Share

4. Pengakuan Dave

    Aleeya sedang berdiri di depan cermin yang memperlihatkan pantulan dirinya secara menyeluruh. Ia tampak cantik menggunakan kemeja berwarna merah muda dan rok sepan pendek berwarna putih. Rambut panjangnya ia biarkan terurai. Tidak lupa riasan tipis pada wajah agar terkesan natural.

    "Aku sudah tidak sabar bertemu dengan Dave," gumam Aleeya, tersenyum.

Ia sangat merindukan kekasihnya. Sudah seminggu lebih mereka tidak bertemu. Dave juga tidak pernah menghubungi atau membalas pesan-pesan Aleeya.

    Tok! Tok! Tok!

    Aleeya membuang nafas pelan sambil melirik ke pintu yang di ketuk. Ia berjalan santai menuju pintu sambil menenteng hand bag sewarna dengan baju.

Krek! Pintu terbuka setelah Aleeya menurunkan handel.

    "Aku sudah membuat sarapan. Kamu makan dulu, baru kita berangkat," pinta Adrian yang sudah rapi dengan setelan berwarna dongker.

    Aleeya tertegun melihat Adrian dengan penampilan berbeda. Kalau boleh jujur, Adrian jauh lebih segalanya ketimbang Dave, tetapi yang namanya perasaan tidak dapat diatur. Hari ini ia masih mencintai Dave, mungkin nanti ia bisa saja mencintai Adrian.

'Aleeya, Aleeya. Kamu pikirin apa, sih,’ batin Aleeya sambil menepuk jidat.

    "Ale … kamu enggak mau sarapan?!" seru Adrian dari meja makan.

    "Ya, Paman, bentar! Ale lupa sesuatu!" balas Aleeya berbohong.

    Aleeya menarik nafas dalam-dalam lalu menghembuskan perlahan. Tidak tahu kenapa ia jadi canggung jika berdekatan dengan Adrian.

    "Paman, Ale sudah telat! Ale makan di kantin saja." Aleeya berjalan sambil melihat ke arloji untuk menghindari tatapan Adrian. 

    "Habiskan susunya saja, masih hangat." Adrian memberikan segelas susu putih. Hanya beberapa detik gelas dalam genggaman Aleeya sudah kosong.

    "Jika sudah pulang hubungi aku! Aku akan menjemputmu." Adrian berjalan mendahului Aleeya.

    "Tidak usah, Paman. Ale bisa pulang sendiri," balas Aleeya, mengikuti langkah Adrian dari belakang. Jarak rumah sakit ke apartemen hanya memakan waktu sepuluh menit jika menggunakan kendaraan, dan lima belas menit jika berjalan kaki.
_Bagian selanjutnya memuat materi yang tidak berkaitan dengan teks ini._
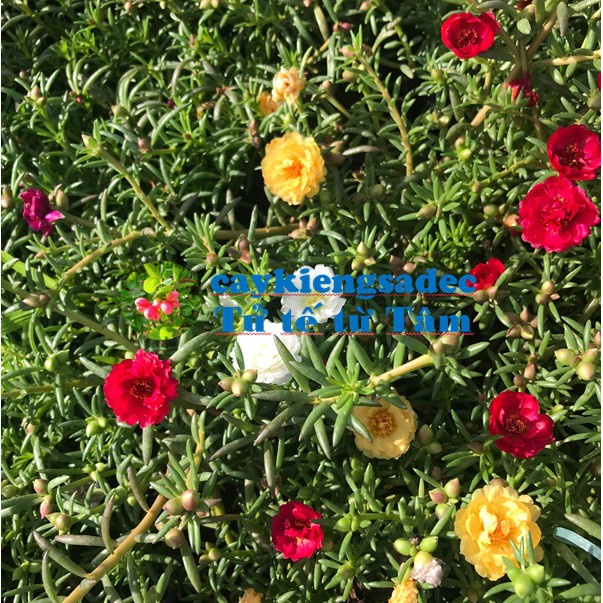 Caykiengsadec Hoa mười giờ + tặng phân bón-hoa kiểng lá - trang trí nội thất cảnh quan sân vườn ngoài trời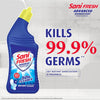 Sani Fresh Advanced Toilet Cleaner (Free Odonil 48g)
    "Aku memberi perintah, bukan pertanyaan!" tegas Adrian sambil menghentikan langkahnya.

    Bukh! Aleeya meringis, memegangi jidat yang terasa perih akibat menabrak sesuatu. Ia mendongak menatap Adrian yang sudah berbalik badan menghadapnya.

    "Makanya jangan jalan di belakang! Sudah tahu pendek. Memang kamu bodyguard saya!" Adrian memberi penekanan di setiap ucapannya.

    Aleeya memelototkan kedua matanya. Bisa-bisanya Adrian memarahi dirinya. Jelas-jelas dia yang berhenti mendadak. Memang dia pikir lagi di lampu merah jalan raya! Terus apa tadi dia bilang, pendek? Hai, Mas! Situnya aja yang ketinggian! Aleeya memasang wajah marah, tetapi malah membuatnya terlihat menggemaskan.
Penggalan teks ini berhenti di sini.